:: ENTRIES SHOWN
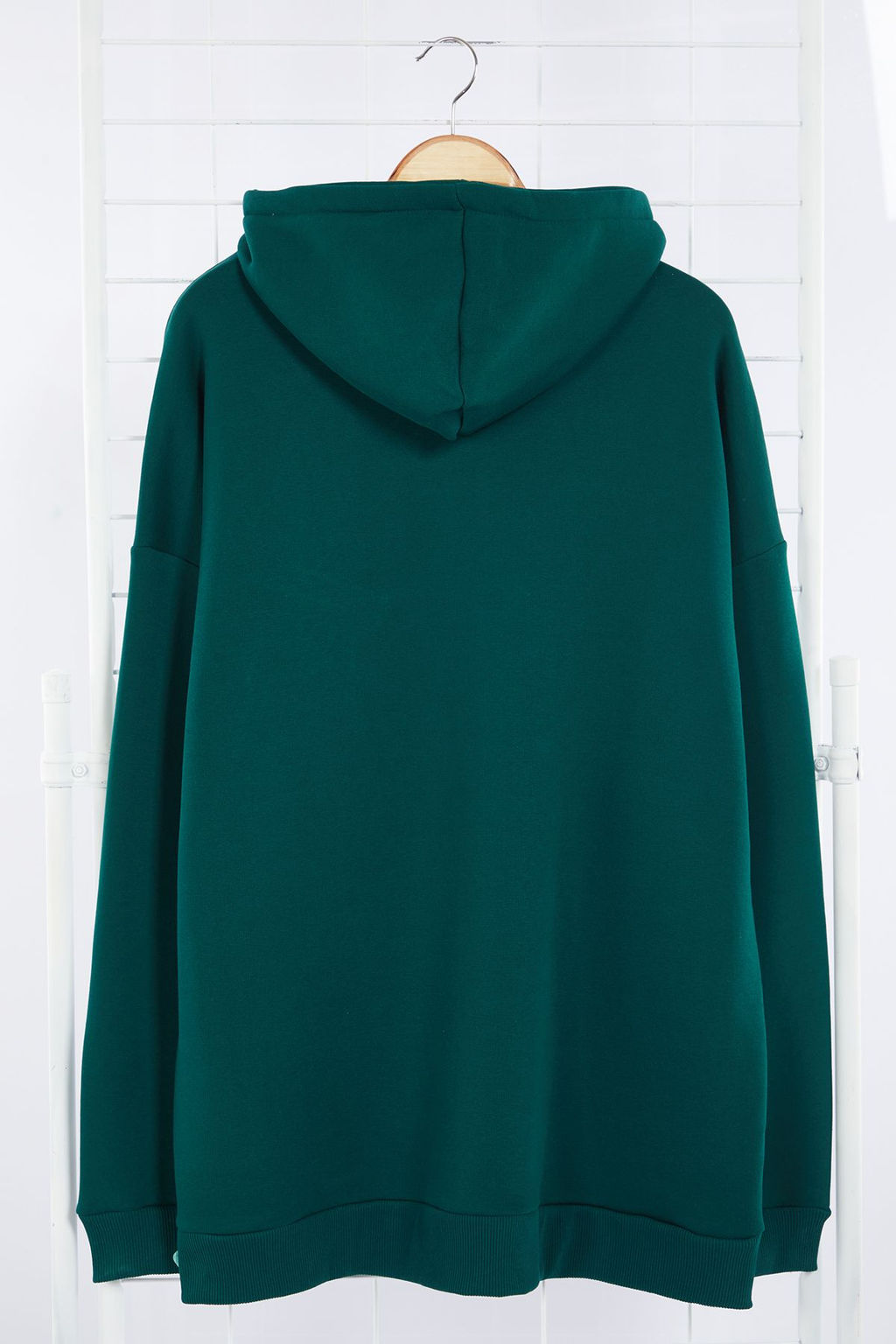 Zumrut Yesili Buyuk Beden Kapusonlu Oversize/Genis Kesim Ici Polar Bask?l? Sweatshirt TMNAW24AO00026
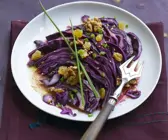 Rotkrautsalat mit Walnüssen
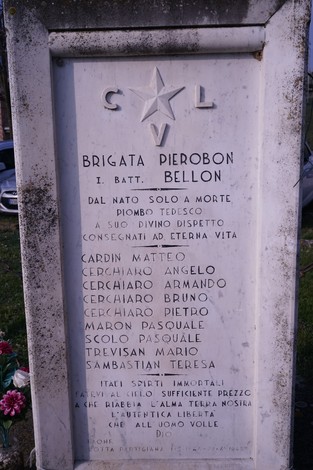 Cippo commemorativo del 1° battaglione “Bellon” in onore dei caduti, con nomi incisi dei soldati.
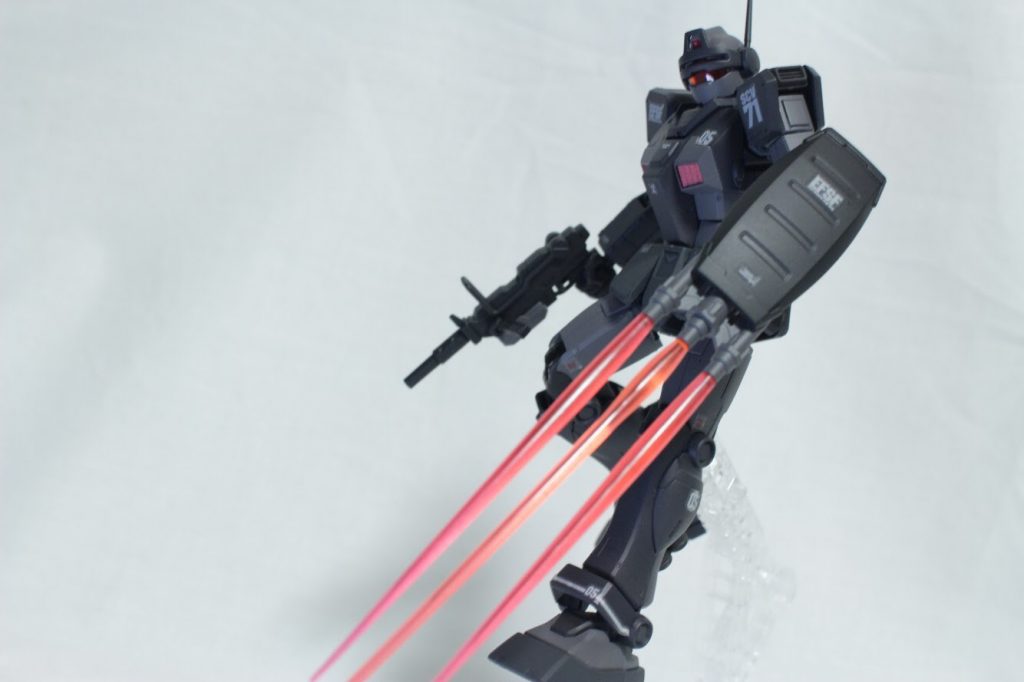 シールドのサーベルが殺意高くてかっこいい。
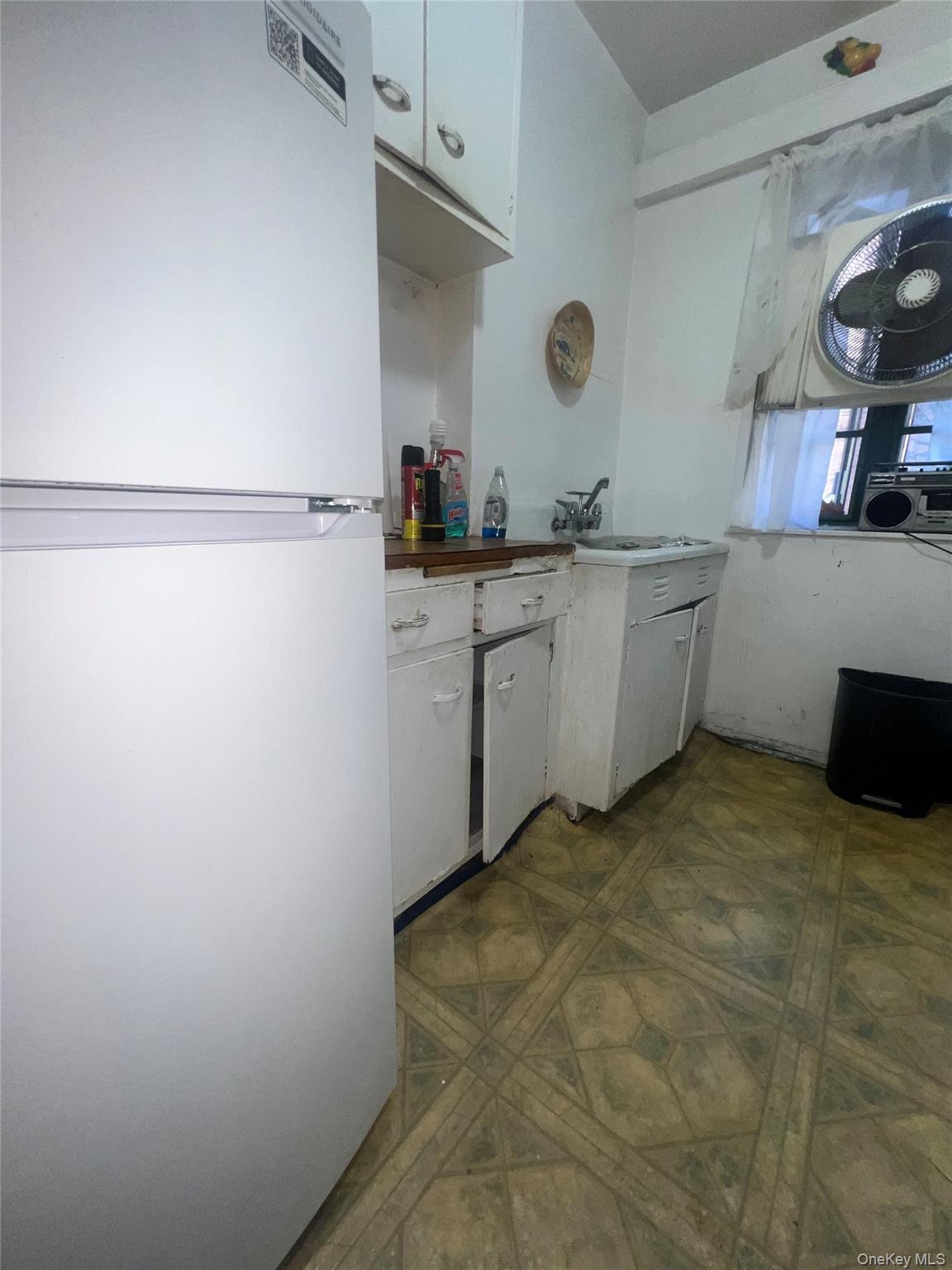 2055 Saint Raymond Ave Unit: 1B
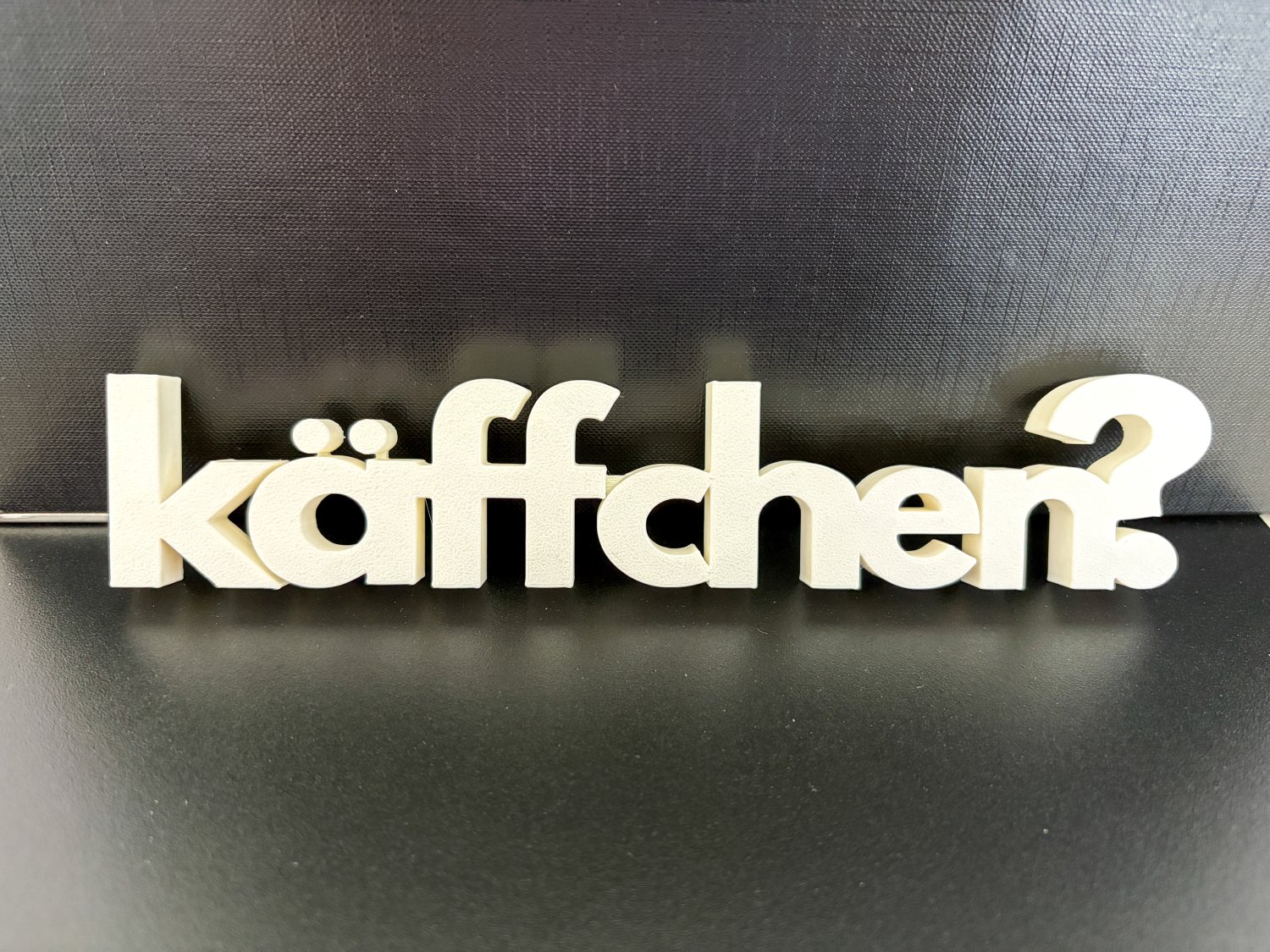 Käffchen Schriftzug Deko – 3D Druck freistehend – lustige Kaffee Dekoration für Küche & Büro – Geschenk Idee für Kaffeeliebhaber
::::
• [TASK REQUIREMENTS]
Write out only the lines from the one that contains "2055 Saint Raymond Ave Unit: 1B" through the last line of the records above, both included, word for word and without the pictures.

• [ANSWER TO THE PROBLEM]
 2055 Saint Raymond Ave Unit: 1B
 Käffchen Schriftzug Deko – 3D Druck freistehend – lustige Kaffee Dekoration für Küche & Büro – Geschenk Idee für Kaffeeliebhaber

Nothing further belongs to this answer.